> _EXERCISE REQUIREMENTS_
Comb through the entries for "Solid" and pull out each line that holds it.

------ SOURCE MATERIAL

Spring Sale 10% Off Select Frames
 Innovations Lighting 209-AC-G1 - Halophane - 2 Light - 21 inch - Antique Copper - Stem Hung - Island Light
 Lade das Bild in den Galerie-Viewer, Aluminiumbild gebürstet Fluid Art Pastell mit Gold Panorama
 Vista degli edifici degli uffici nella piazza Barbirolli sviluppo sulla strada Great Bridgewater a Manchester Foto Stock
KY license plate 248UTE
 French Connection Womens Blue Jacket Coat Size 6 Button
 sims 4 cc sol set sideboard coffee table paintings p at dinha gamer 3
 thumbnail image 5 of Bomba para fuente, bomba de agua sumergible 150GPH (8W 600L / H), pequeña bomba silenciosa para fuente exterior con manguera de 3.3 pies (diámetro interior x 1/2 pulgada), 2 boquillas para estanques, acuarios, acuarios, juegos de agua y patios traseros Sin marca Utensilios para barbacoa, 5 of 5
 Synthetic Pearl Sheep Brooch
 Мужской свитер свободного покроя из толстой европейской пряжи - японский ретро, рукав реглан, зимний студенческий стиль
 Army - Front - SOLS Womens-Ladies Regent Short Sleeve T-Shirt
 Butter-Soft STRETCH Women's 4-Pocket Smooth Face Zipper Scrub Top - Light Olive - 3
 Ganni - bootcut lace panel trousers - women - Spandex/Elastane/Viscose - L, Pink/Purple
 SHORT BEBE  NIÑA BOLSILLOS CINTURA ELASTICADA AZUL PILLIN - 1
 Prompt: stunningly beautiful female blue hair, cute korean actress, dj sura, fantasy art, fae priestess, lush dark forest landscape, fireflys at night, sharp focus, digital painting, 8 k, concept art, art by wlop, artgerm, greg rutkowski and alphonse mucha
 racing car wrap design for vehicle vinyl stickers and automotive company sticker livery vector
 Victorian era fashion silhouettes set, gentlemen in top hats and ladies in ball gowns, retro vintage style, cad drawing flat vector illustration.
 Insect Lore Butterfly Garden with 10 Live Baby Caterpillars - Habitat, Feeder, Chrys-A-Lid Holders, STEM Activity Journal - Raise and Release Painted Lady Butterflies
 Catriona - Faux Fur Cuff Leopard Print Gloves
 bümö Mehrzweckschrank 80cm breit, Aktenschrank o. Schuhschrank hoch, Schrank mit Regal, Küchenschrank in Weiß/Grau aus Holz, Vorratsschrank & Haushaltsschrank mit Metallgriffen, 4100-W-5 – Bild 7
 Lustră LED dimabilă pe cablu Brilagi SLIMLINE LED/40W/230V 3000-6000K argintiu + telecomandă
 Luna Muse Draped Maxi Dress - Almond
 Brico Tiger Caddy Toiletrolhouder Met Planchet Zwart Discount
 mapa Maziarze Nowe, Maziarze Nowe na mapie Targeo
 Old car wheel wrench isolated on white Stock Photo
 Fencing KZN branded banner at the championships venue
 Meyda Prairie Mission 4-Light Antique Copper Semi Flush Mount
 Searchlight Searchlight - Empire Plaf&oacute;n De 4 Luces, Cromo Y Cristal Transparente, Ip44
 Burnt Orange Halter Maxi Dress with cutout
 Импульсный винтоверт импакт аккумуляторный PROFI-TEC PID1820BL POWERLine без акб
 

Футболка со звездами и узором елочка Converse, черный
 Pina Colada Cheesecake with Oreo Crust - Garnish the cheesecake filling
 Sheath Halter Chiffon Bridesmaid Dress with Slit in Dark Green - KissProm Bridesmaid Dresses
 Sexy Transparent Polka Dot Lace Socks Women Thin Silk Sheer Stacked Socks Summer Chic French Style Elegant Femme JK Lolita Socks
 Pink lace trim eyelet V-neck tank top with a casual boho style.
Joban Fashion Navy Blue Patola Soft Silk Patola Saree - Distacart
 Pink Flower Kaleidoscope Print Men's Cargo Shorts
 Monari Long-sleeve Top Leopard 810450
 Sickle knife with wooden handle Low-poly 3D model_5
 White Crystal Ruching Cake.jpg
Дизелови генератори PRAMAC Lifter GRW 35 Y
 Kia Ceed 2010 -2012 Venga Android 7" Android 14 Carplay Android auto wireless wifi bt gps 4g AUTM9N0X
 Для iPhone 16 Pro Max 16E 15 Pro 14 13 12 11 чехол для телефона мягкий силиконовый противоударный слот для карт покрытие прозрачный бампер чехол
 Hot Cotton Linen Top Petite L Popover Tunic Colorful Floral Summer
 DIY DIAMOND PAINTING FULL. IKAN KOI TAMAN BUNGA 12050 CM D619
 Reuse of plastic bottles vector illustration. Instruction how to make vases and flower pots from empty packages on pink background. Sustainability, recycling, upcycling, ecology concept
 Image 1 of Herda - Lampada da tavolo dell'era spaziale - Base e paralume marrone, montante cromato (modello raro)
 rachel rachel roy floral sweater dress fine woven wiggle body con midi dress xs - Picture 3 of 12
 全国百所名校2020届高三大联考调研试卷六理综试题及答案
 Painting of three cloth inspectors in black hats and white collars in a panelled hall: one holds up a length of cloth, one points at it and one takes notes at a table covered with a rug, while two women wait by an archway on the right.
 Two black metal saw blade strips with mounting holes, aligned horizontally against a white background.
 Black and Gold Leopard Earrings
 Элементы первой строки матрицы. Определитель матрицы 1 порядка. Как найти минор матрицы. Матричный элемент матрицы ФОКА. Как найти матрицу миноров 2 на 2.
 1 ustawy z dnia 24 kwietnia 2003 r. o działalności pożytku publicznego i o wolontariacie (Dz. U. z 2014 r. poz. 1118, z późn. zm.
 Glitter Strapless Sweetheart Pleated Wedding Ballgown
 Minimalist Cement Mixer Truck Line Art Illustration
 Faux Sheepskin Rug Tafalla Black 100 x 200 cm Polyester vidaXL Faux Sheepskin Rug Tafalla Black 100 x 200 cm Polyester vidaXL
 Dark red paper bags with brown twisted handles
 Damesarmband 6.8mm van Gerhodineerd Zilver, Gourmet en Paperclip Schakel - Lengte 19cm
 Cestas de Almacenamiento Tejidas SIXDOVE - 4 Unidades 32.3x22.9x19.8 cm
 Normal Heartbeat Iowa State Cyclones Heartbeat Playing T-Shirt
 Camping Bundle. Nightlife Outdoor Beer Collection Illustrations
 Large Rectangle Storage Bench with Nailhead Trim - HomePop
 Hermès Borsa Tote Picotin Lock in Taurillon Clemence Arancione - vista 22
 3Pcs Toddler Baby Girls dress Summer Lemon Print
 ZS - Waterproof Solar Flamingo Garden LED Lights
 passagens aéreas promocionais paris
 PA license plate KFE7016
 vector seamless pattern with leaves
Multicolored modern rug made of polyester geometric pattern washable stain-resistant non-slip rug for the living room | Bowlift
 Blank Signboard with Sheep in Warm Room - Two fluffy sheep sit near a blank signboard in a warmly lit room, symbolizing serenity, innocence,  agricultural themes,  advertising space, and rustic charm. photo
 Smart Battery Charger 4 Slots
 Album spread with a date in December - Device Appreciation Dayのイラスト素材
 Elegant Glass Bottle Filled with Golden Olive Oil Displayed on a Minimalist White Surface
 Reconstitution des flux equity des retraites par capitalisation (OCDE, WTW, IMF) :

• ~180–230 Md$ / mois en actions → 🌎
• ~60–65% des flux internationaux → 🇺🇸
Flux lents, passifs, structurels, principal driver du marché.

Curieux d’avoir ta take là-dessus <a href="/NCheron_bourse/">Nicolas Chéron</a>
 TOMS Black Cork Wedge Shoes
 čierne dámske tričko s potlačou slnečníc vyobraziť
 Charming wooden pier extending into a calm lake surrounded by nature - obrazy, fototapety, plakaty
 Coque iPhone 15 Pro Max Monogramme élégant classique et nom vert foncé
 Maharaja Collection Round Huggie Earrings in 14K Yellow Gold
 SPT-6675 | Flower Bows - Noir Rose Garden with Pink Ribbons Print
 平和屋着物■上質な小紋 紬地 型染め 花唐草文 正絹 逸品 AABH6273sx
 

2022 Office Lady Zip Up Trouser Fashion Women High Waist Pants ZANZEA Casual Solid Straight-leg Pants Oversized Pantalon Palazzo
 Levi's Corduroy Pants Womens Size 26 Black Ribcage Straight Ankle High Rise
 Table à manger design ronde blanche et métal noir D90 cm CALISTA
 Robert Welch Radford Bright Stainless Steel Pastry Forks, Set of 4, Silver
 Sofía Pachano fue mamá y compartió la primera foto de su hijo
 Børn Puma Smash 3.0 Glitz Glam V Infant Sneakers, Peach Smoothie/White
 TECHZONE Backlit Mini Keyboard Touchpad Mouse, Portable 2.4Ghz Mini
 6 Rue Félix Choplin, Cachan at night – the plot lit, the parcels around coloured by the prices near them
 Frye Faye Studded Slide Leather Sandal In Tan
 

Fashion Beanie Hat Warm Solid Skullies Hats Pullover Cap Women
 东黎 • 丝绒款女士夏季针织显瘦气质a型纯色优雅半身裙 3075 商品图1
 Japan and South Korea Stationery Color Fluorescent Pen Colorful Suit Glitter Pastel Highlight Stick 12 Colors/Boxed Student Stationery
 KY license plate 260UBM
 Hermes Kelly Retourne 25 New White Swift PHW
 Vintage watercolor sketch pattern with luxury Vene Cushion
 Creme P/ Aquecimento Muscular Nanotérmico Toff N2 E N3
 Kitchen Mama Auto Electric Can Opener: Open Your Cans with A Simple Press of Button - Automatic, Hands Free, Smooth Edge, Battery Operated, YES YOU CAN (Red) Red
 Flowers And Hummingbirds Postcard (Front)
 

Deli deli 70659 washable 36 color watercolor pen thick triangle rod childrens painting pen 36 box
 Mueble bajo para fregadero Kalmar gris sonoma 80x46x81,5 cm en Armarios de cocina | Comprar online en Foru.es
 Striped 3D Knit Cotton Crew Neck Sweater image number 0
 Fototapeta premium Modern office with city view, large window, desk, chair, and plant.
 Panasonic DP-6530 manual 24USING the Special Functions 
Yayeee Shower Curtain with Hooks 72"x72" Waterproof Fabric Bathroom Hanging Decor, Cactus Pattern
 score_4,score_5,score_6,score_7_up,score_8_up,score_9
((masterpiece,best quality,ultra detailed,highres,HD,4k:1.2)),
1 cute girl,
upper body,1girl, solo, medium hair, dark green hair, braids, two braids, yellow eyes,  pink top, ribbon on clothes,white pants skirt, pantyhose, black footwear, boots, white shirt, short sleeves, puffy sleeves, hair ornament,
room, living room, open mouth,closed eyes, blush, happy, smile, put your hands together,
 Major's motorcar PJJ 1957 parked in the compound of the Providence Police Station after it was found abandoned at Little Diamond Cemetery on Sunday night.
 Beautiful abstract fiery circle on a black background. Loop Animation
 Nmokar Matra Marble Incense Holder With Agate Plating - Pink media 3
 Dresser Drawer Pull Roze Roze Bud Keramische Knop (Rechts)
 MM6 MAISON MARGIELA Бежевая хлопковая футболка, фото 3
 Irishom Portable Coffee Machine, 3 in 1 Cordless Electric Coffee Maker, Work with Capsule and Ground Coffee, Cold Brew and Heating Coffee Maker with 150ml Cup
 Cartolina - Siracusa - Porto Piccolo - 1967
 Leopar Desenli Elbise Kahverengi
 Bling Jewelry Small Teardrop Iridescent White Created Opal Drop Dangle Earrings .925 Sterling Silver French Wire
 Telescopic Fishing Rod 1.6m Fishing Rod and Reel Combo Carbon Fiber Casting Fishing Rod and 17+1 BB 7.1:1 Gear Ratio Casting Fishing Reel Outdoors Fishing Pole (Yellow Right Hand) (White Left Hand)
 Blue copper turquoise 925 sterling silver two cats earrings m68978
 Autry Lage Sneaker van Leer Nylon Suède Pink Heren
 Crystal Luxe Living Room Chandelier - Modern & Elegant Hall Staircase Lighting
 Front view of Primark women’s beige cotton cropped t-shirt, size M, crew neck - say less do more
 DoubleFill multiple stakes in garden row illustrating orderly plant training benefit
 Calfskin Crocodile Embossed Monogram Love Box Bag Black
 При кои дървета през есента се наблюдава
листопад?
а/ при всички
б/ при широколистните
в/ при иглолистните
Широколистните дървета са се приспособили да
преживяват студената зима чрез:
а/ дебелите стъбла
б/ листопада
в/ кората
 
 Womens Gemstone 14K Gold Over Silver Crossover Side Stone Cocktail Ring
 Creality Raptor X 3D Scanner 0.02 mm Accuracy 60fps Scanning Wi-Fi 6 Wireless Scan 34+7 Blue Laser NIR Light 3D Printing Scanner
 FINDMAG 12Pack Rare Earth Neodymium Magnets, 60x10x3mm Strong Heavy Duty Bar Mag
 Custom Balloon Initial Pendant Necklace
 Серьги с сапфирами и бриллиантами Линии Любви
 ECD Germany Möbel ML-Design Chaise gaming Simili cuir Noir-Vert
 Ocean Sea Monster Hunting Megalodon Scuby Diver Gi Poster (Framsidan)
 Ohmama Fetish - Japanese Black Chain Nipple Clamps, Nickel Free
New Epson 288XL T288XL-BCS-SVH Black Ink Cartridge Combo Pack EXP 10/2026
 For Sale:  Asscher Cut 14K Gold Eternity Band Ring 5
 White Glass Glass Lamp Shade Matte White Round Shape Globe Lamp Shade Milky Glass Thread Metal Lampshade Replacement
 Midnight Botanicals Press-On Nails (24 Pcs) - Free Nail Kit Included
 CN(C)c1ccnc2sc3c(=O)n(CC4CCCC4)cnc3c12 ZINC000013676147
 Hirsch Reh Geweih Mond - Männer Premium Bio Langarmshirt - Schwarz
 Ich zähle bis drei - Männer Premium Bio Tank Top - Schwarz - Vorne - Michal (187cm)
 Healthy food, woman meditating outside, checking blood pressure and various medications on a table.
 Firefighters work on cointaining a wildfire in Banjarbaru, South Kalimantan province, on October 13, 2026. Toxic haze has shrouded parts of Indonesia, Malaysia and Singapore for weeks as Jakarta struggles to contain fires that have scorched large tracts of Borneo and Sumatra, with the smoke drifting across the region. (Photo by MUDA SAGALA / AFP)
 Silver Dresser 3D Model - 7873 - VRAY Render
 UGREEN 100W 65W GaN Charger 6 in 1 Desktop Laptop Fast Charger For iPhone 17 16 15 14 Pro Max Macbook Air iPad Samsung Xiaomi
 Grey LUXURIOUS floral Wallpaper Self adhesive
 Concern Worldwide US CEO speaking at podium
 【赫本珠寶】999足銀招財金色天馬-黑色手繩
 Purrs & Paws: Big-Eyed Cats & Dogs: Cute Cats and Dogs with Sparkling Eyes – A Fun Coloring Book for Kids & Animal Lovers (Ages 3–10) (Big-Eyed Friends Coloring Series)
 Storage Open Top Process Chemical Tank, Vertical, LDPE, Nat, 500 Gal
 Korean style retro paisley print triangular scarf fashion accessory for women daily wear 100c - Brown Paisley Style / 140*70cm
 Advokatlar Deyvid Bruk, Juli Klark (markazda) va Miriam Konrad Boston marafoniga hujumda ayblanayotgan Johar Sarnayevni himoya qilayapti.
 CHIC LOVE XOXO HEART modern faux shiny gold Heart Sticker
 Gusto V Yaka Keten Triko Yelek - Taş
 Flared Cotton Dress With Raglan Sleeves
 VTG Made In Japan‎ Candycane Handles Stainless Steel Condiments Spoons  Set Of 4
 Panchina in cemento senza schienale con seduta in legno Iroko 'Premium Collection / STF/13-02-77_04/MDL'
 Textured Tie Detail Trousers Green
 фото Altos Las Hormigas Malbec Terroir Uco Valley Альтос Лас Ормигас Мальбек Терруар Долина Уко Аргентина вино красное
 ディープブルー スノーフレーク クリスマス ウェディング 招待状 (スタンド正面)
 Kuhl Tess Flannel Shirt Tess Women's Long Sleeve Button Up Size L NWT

------------

> _REPLY TO THE EXERCISE_
2022 Office Lady Zip Up Trouser Fashion Women High Waist Pants ZANZEA Casual Solid Straight-leg Pants Oversized Pantalon Palazzo
Fashion Beanie Hat Warm Solid Skullies Hats Pullover Cap Women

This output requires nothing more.